Updated Jun 30, 2026

The Secret Word and the Blanks

The heart of Hangman is a single visual: a word you can't see yet, shown as a row of blanks, with the letters you've correctly guessed filled in. Get that one thing working and the rest of the game is steps you hang off it.

So that's where we start. A secret word, a set of letters that have been guessed, and a way to print the word with the right letters showing and the rest hidden.

The pieces we need

Two things:

  • The word - a plain string, like "python".
  • The guessed letters - the letters the player has tried and got right (or tried at all; we'll firm that up next phase). For now, think of it as a small collection of single letters.

The display rule is one sentence: for each letter in the word, show the letter if it's been guessed, otherwise show an underscore.

Walking the word one letter at a time

In Python you can loop straight over a string and you get one character at a time:

word = "python"
for letter in word:
    print(letter)

Run that. Six lines, one letter each. That for letter in word loop is the engine of the whole display - we'll decide, per letter, whether to show it or hide it.

Show it or hide it

For each letter we want a small either/or: the real letter, or an underscore. Python has a compact way to write "this value if a condition is true, otherwise that value":

shown = letter if letter in guessed else "_"

Read it left to right: letter (use this) if letter in guessed (when it's been guessed) else "_" (otherwise an underscore). The in check asks "is this letter inside the guessed collection?" and gives back True or False.

Putting the blanks together

Now we glue those per-letter results into one line. We build a list of the shown characters and join them with spaces so the blanks are readable - p _ t _ _ n reads better than p_t__n.

word = "python"
guessed = {"p", "t", "n"}

shown = []
for letter in word:
    if letter in guessed:
        shown.append(letter)
    else:
        shown.append("_")

display = " ".join(shown)
print("Word:", display)

Run it. You should see Word: p _ t _ _ n. The p, t, and n show because they're in guessed; the y, h, and o are still underscores. Change guessed to {"y", "o"} and run again - different letters reveal. This is the game's whole face.

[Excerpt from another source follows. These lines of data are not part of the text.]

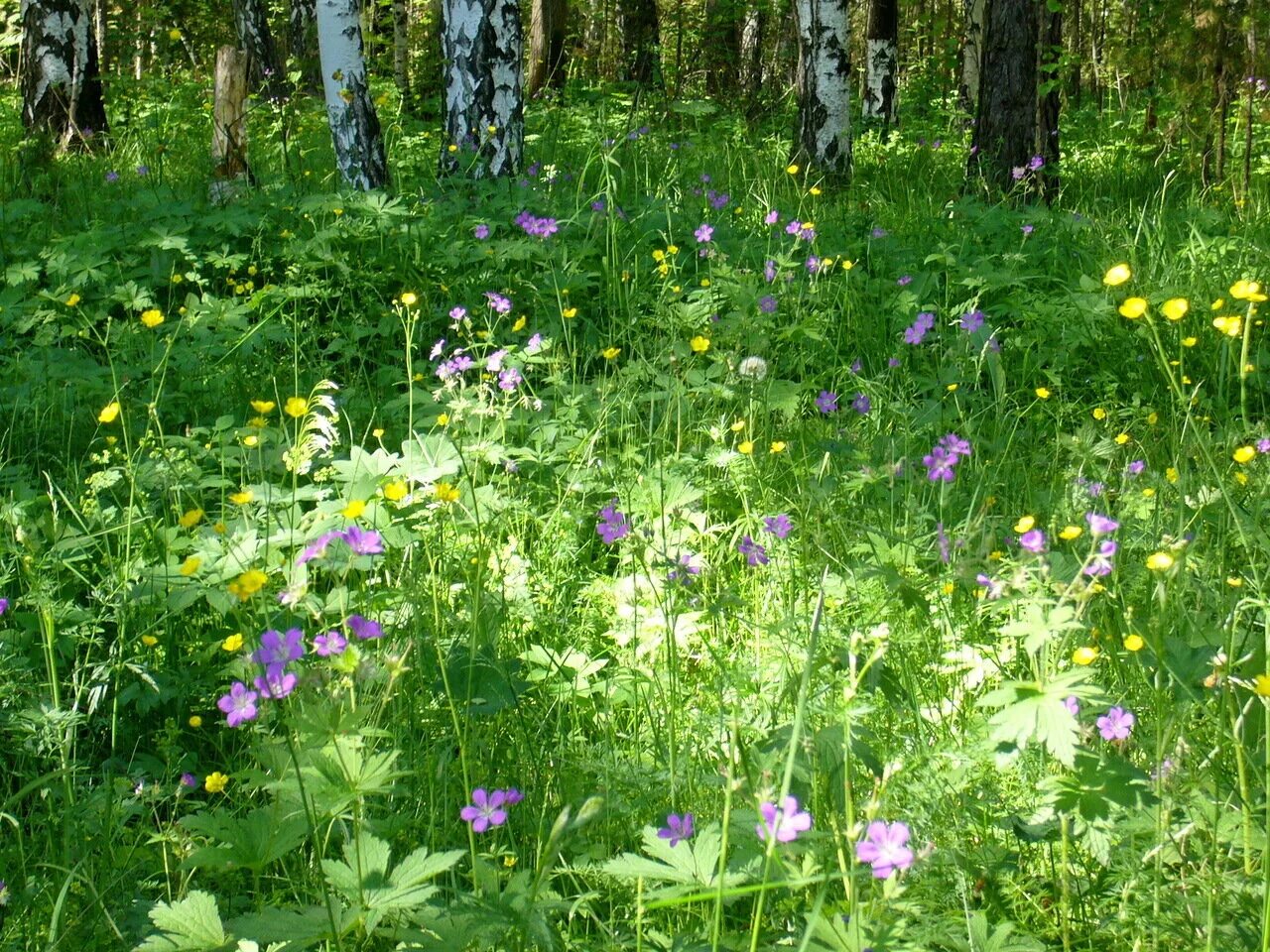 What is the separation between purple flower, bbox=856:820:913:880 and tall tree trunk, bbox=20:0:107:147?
26.8 ft

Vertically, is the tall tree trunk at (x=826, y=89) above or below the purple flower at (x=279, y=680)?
above

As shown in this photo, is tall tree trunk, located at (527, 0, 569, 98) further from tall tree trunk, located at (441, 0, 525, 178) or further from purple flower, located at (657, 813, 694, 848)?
purple flower, located at (657, 813, 694, 848)

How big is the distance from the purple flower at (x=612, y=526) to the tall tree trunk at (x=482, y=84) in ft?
11.4

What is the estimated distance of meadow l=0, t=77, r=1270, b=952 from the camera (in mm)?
1245

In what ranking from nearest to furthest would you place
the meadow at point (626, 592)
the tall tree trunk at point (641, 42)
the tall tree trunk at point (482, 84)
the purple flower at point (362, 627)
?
the meadow at point (626, 592) < the purple flower at point (362, 627) < the tall tree trunk at point (482, 84) < the tall tree trunk at point (641, 42)

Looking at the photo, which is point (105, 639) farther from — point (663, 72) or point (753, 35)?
point (753, 35)

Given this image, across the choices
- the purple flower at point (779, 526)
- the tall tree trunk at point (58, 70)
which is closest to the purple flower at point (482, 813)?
the purple flower at point (779, 526)

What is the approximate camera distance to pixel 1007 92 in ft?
20.5

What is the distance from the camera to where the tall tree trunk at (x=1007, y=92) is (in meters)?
6.15

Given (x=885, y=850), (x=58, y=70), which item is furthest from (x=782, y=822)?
(x=58, y=70)

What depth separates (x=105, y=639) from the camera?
2.16 m

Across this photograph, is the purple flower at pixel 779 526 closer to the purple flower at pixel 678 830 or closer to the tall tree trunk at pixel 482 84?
the purple flower at pixel 678 830

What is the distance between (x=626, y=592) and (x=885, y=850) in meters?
1.10

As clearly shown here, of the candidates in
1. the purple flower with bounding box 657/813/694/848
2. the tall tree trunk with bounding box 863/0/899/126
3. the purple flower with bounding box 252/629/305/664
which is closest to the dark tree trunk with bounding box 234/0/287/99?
the tall tree trunk with bounding box 863/0/899/126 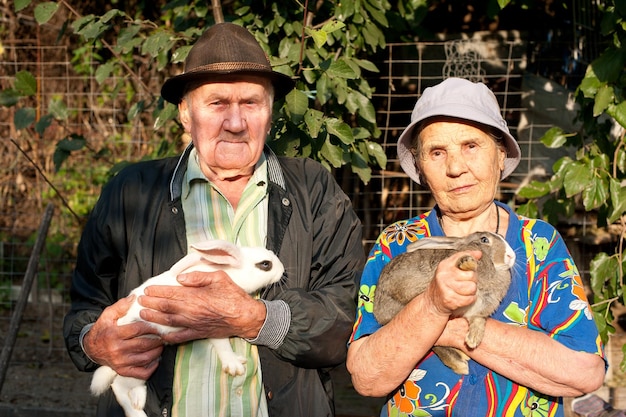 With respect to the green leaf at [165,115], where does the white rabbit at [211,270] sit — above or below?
below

That curly-brace {"p", "t", "n"} is a set - a collection with no duplicates and fast membership checks. It's exactly the right tool for "which letters have been guessed," and we'll lean on it hard next phase. For now, know that letter in guessed against a set is quick and reads like English.

Tightening it into a function

We'll need this display in every phase, so let's wrap it in a function that takes the word and the guessed letters and hands back the line to print. Same logic, written more compactly with the if/else expression from before:

def show(word, guessed):
    return " ".join(letter if letter in guessed else "_" for letter in word)

# A few different guess states, so you can see the masking change:
word = "python"
print("Guessed p, t, n ->", show(word, {"p", "t", "n"}))
print("Guessed y, o    ->", show(word, {"y", "o"}))
print("Guessed nothing ->", show(word, set()))
print("Guessed it all  ->", show(word, set("python")))

Run it and read the four lines. The first two mask different letters. The third passes an empty set (set()) - every letter is hidden, all underscores, exactly what a fresh game looks like. The fourth passes set("python"), which turns the string into a set of its letters {'p','y','t','h','o','n'} - every letter is guessed, so the full word shows. That last line is what winning looks like, and we'll use that same idea to detect a win in Phase 3.

Why a set, not a list

You could store guessed letters in a list. A set is the better fit here for two reasons:

List Set
Duplicate guesses Keeps both Ignores the repeat
"Have I guessed this?" Scans the whole list Instant lookup

A player will fat-finger the same letter twice. A set absorbs that without you writing a line of code to handle it. We'll make use of exactly that next.

Where you are

You have a show(word, guessed) function that turns any word plus any set of guessed letters into a clean masked line. That's the screen of your game. Next we make a guess actually do something - add a letter, tell the player hit or miss, and watch the blanks fill in.